» **What to do**:
Below are entries with pictures in them. Output exactly the lines starting at the line with "Blusa feminina C&A" and ending at the line with "PROJECT SALT韓國", both included, but not the pictures.

» **Data records**:
▶

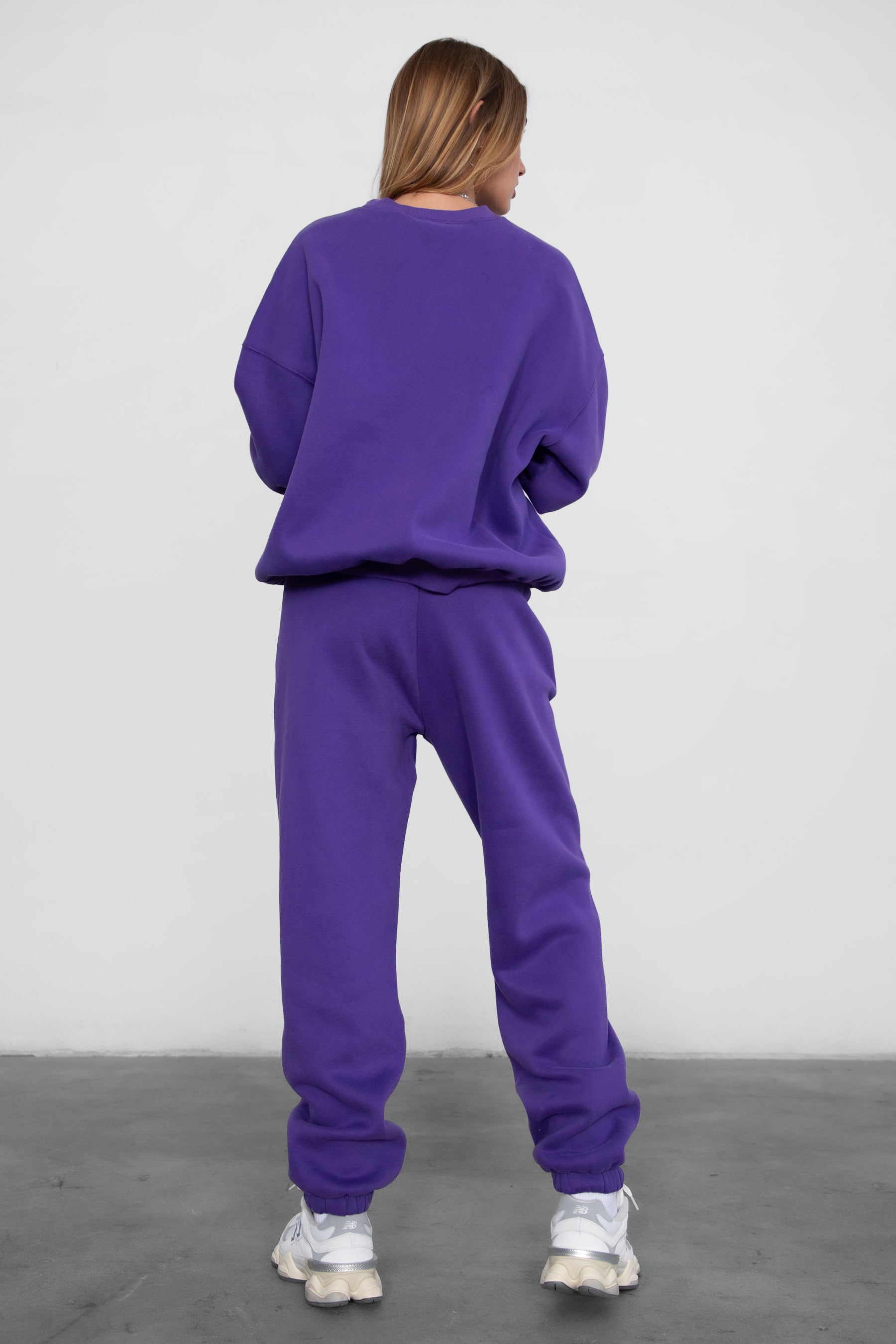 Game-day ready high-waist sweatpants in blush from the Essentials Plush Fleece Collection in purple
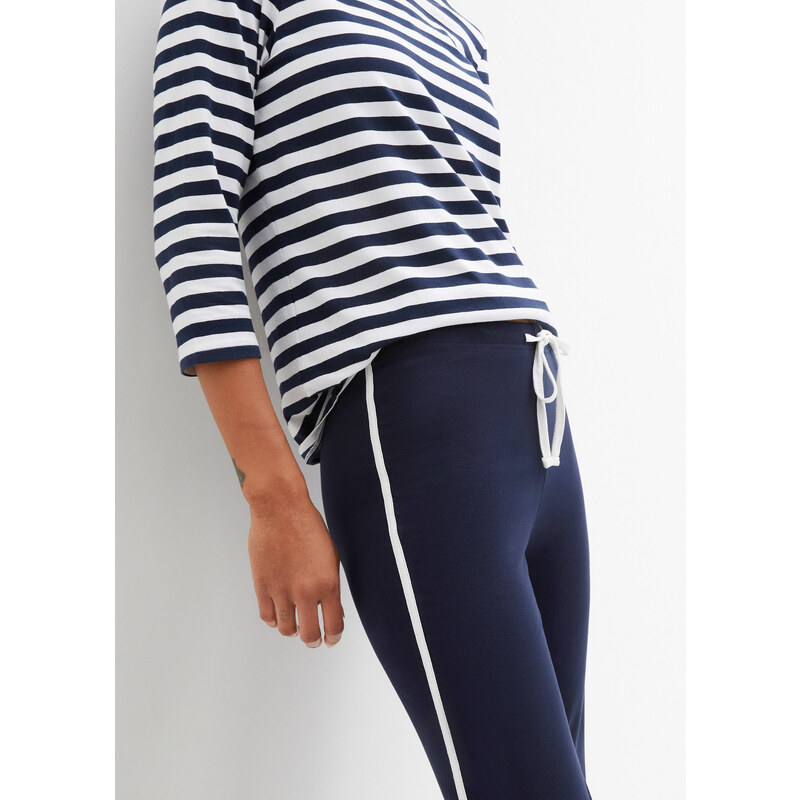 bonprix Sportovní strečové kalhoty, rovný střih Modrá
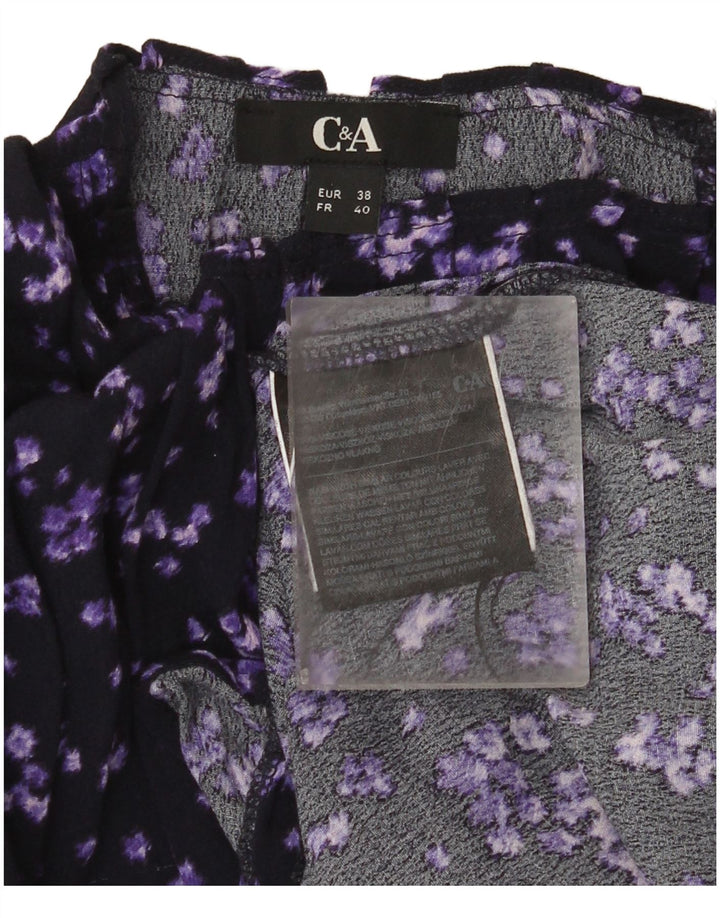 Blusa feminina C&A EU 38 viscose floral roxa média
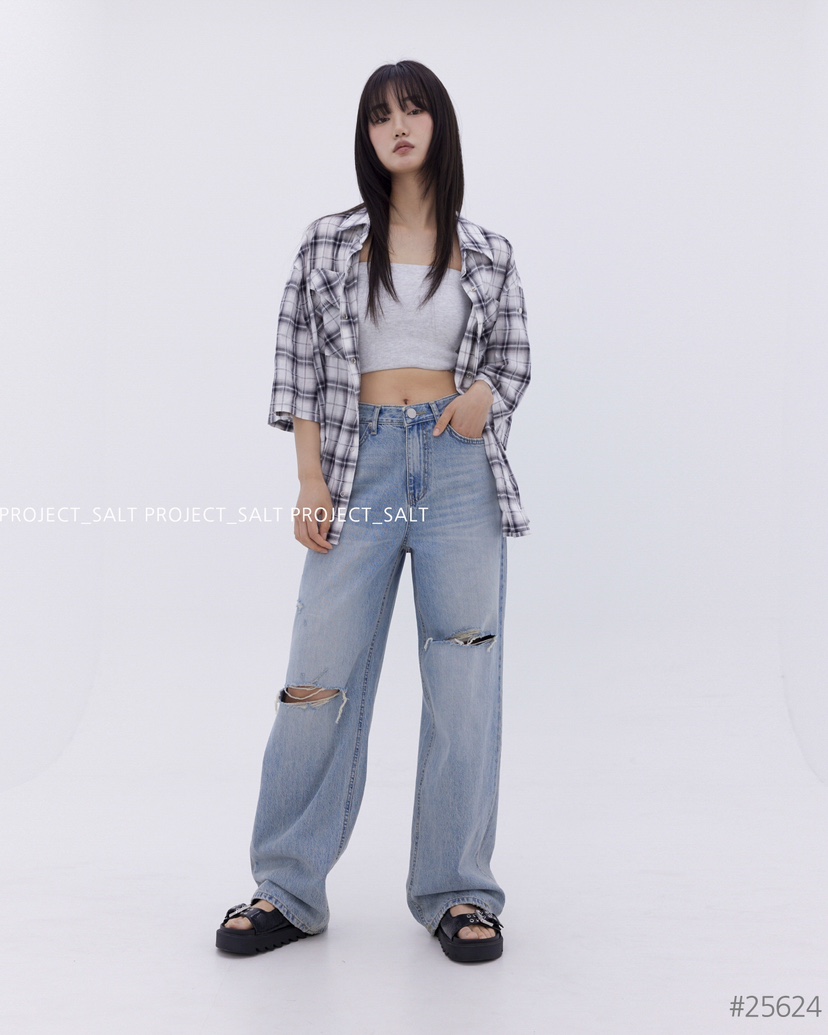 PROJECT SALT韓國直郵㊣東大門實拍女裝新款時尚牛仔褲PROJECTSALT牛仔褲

◀
▶

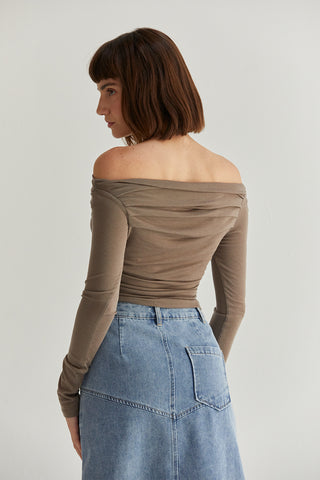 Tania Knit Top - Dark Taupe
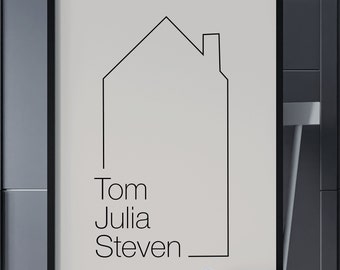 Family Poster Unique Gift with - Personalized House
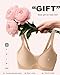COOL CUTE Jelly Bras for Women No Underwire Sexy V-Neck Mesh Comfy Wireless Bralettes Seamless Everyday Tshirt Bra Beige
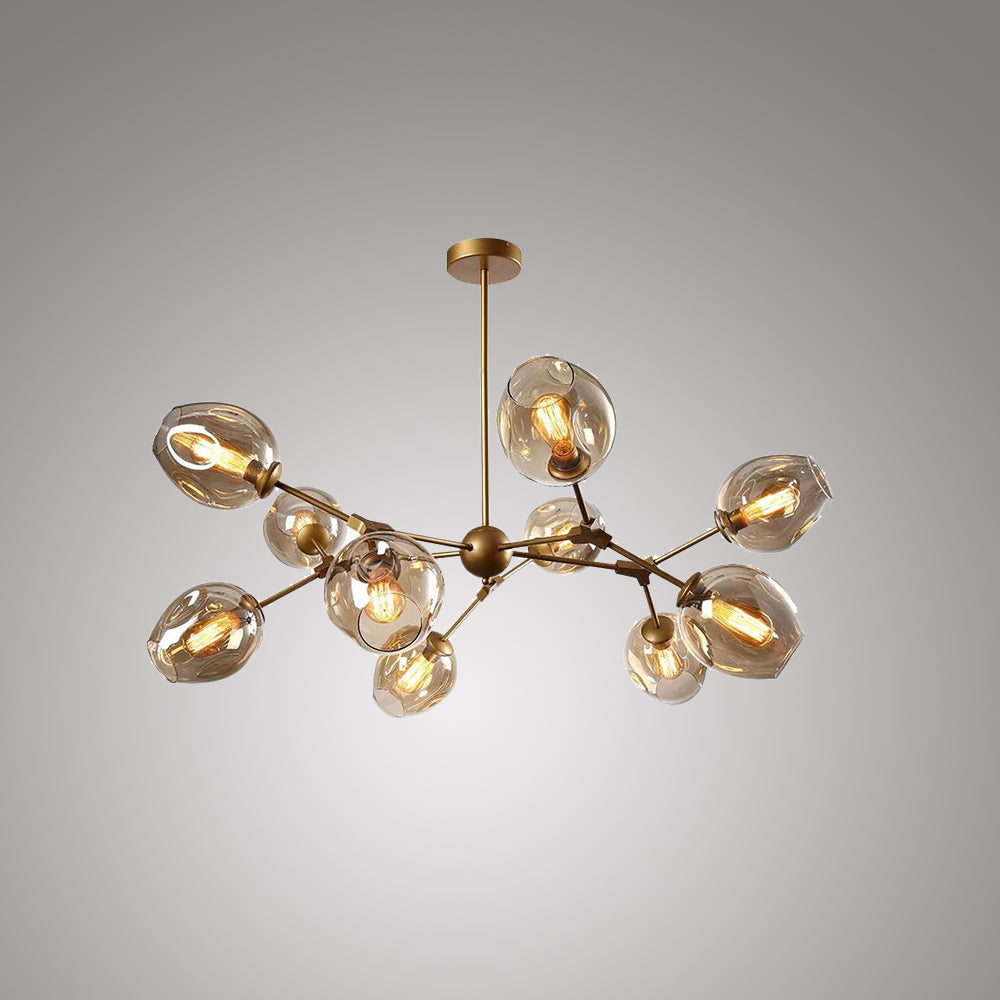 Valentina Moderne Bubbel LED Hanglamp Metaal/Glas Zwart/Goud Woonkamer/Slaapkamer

◀
▶

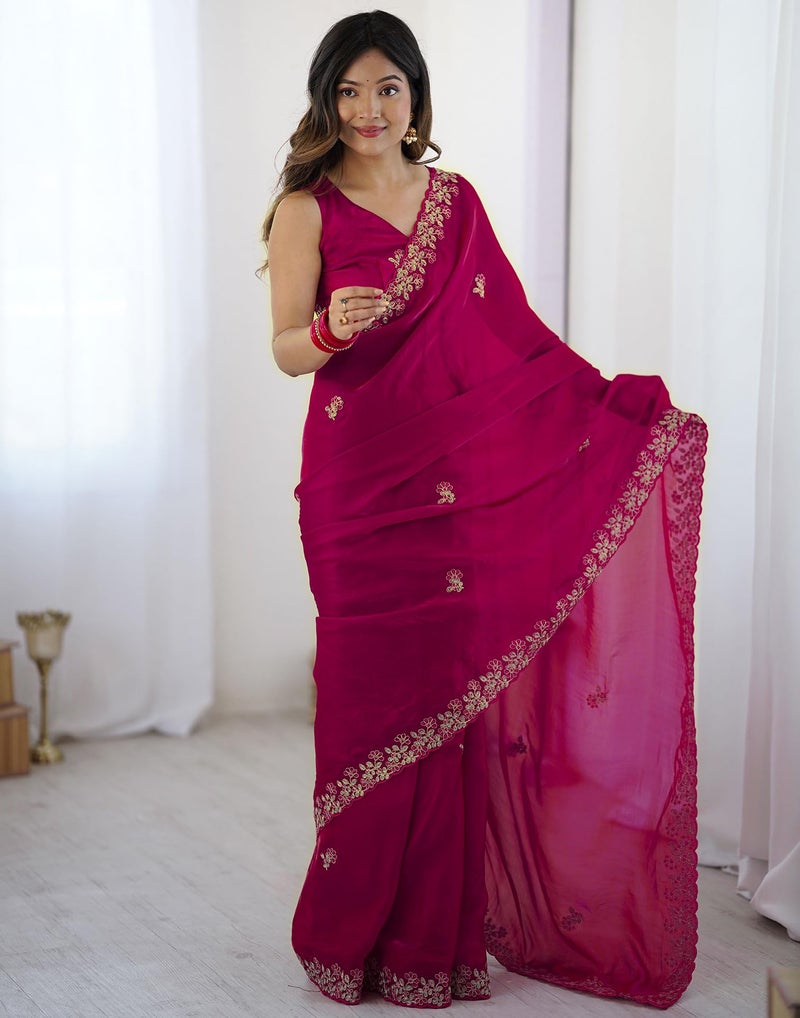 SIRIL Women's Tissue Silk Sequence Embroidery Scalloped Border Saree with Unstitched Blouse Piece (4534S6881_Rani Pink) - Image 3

◀

» **Task output**:
 Blusa feminina C&A EU 38 viscose floral roxa média
 PROJECT SALT韓國直郵㊣東大門實拍女裝新款時尚牛仔褲PROJECTSALT牛仔褲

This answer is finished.